Conceptual bug on SoundWire probe/remove?
Hi, I could use feedback/guidance on a possible conceptual bug in the SoundWire probe and bus handling.
When we probe a driver, the code does this:
static int sdw_drv_probe(struct device *dev) { struct sdw_slave *slave = dev_to_sdw_dev(dev); struct sdw_driver *drv = drv_to_sdw_driver(dev->driver); const struct sdw_device_id *id; const char *name; int ret;
/* * fw description is mandatory to bind */ if (!dev->fwnode) return -ENODEV;
if (!IS_ENABLED(CONFIG_ACPI) && !dev->of_node) return -ENODEV;
id = sdw_get_device_id(slave, drv); if (!id) return -ENODEV;
slave->ops = drv->ops;
The last line is the problematic one. If at some point, the user does an rmmod and unbinds the SoundWire codec driver, the .remove will be called and the 'drv' will no longer be valid, but we will still have a reference to drv->ops and use that pointer in the bus code, e.g.
/* Update the Slave driver */ if (slave_notify && slave->ops && slave->ops->interrupt_callback) { slave_intr.sdca_cascade = sdca_cascade; slave_intr.control_port = clear; memcpy(slave_intr.port, &port_status, sizeof(slave_intr.port));
slave->ops->interrupt_callback(slave, &slave_intr); }
I noodled with a potential fix in https://github.com/thesofproject/linux/pull/3534/commits/82d64fb0fd39b532263...

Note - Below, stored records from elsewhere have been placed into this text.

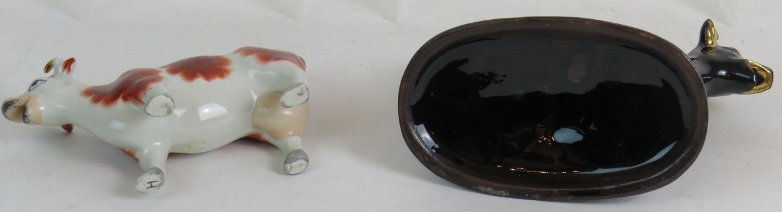 Two pottery Staffordshire Style cow crea - Image 3 of 3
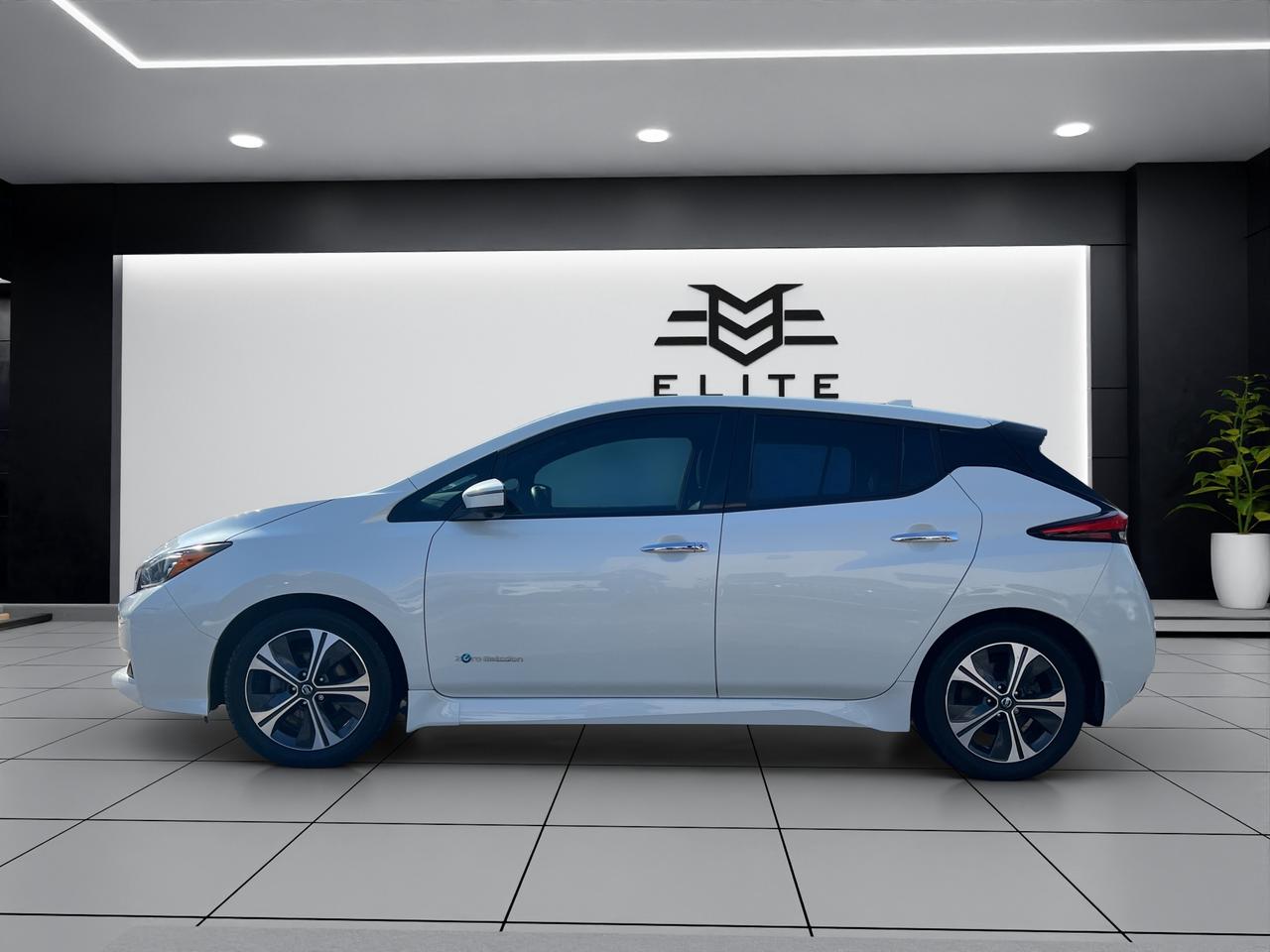 2018 Nissan Leaf SL PKG - Hatchback - Leather - 85,000Kms !! Photo3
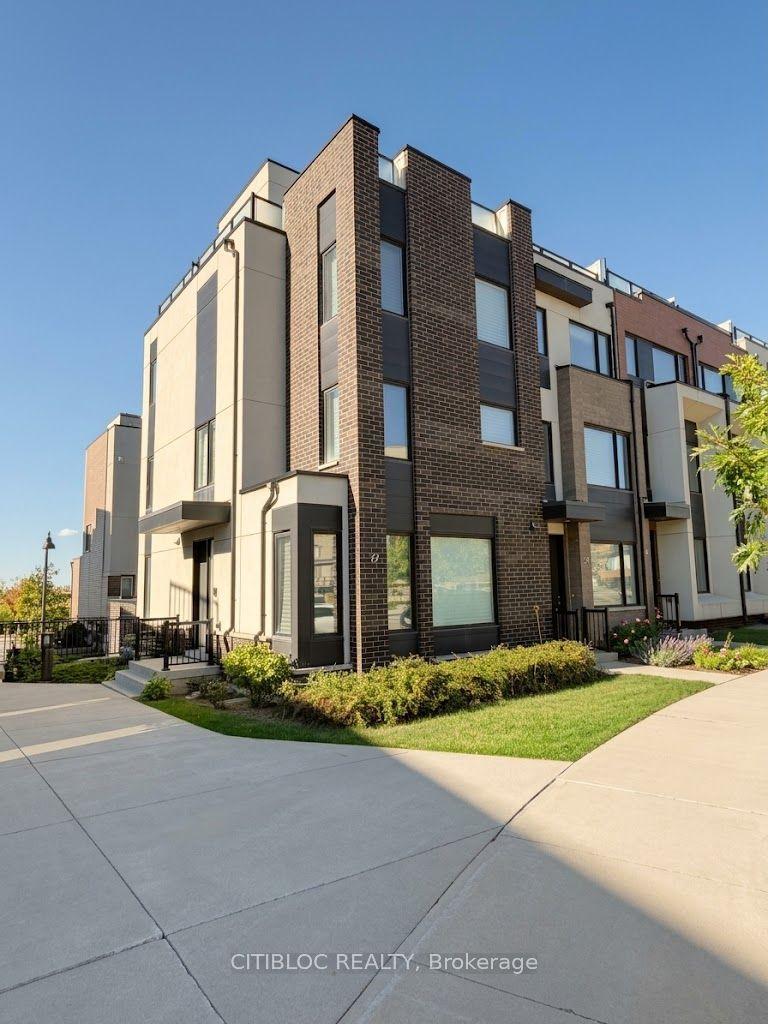 22 Sarah Jackson Crescent, Toronto — Townhouse for sale, photo 1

where I force-reset this slave->ops pointer, but it is likely to be very racy.
We probably need to avoid such references, or have a clean mechanism to unbind, e.g. with all commands and interrupts stopped while the codec driver .remove routine is handled.
Initial error reports at https://github.com/thesofproject/linux/issues/3531
Suggestions and comments welcome, thanks! -Pierre
On Wed, Mar 23, 2022 at 02:45:59PM -0500, Pierre-Louis Bossart wrote:
The last line is the problematic one. If at some point, the user does an rmmod and unbinds the SoundWire codec driver, the .remove will be called and the 'drv' will no longer be valid, but we will still have a reference to drv->ops and use that pointer in the bus code, e.g.
...
where I force-reset this slave->ops pointer, but it is likely to be very racy.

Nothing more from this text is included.